INTRODUCTION

 

How would a writer feel if he came back to his chosen profession after being absent for ten long years? I mean, totally absent. No contact with fellow authors and publishers. No writing of any kind for the span of an entire decade.

Scared shitless I would think.

That’s about how I felt when I decided to return to the horror genre in the summer of 2006. After my own personal 9/11 in the fall of 1996, when Zebra Books closed their entire mid-list horror line without warning, I had grown bitter and discouraged. In turn, I completely distanced myself from anything concerning horror and the macabre. No horror reading, no horror movies, no horror writing for one hundred and twenty long months. I went as cold as cold turkey could get.

Then in July of 2006, my good friend Mark Hickerson called me up and said “Hey, Ron. Folks are on the internet, ordering your old books on eBay and asking about you on the message boards… wondering if you’re dead or not.”

Well, that got me to thinking. In a sense, I was dead. I had to admit that I missed the writing and I missed the darkness of the genre, too. The sudden interest in my work fanned the flame of horror-writing desire in me. I began to remember what had motivated me in the first place; those cherished childhood days when I was a monster freak watching “Abbott and Costello Meet Frankenstein” and “The Creature from the Black Lagoon”, and putting together those cool Aurora glow-in-the-dark monster models. And I got the urge to get back into the game again… catch up where I’d left off all those years ago.

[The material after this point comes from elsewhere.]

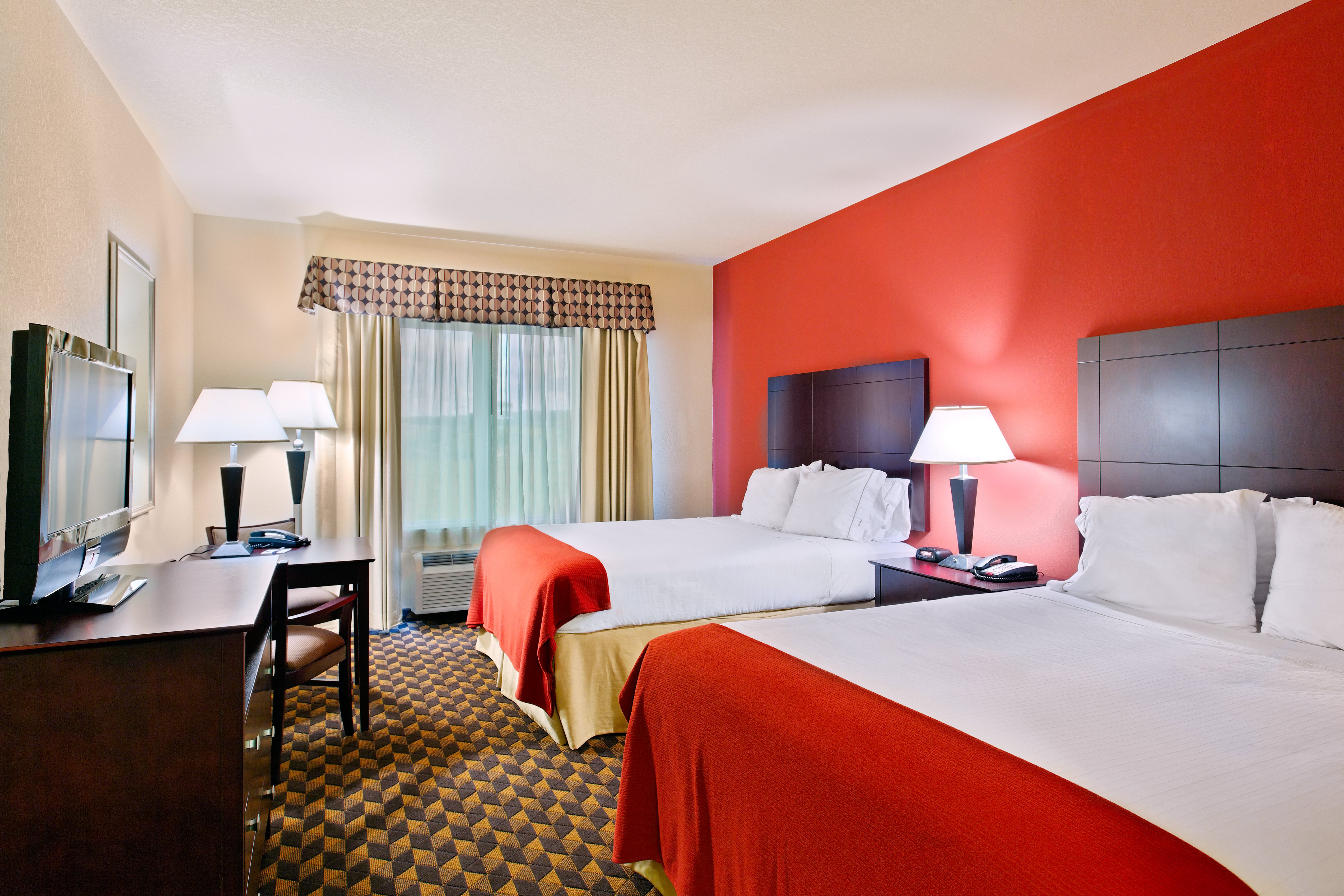 holiday inn express hotel and suites malvern by ihg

But I had a problem. I was scared half out of my wits.

You see, I didn’t even know if I could write any more.

Sitting in front of that blank computer screen after such a long hiatus was like a drowning man regarding an empty ocean around him, with no sign of dry land. I was scared half to death. Here I’d committed to my fans, telling them I was coming back, and I wasn’t even sure that I could.

As it turned out, writing horror was like riding a bike or having sex. I was a little rusty, but it all came back to me. And I seemed to have a polish and an edge to my fiction that hadn’t been there before. Perhaps those years away had done me some good after all; maybe recharged my batteries and given me a renewed appreciation for ghosts, goblins, and things that went bump in the night.

The following seven stories are the first tales I sat down and wrote after coming back. “Cumberland Furnace” was one of the first of the bunch, thus the title of this collection. And “fear-forged” is right on the mark. Fearhad a lot to do with the writing of these fables… an emotion that goes hand-in-hand with stories that are intended to horrify and generally gross one out.

So here they are… the first seven of the comeback stories. Got alot to choose from here. A couple of old-fashioned ghost stories, some monster tales, and even a bit of sick comedy thrown in for good measure.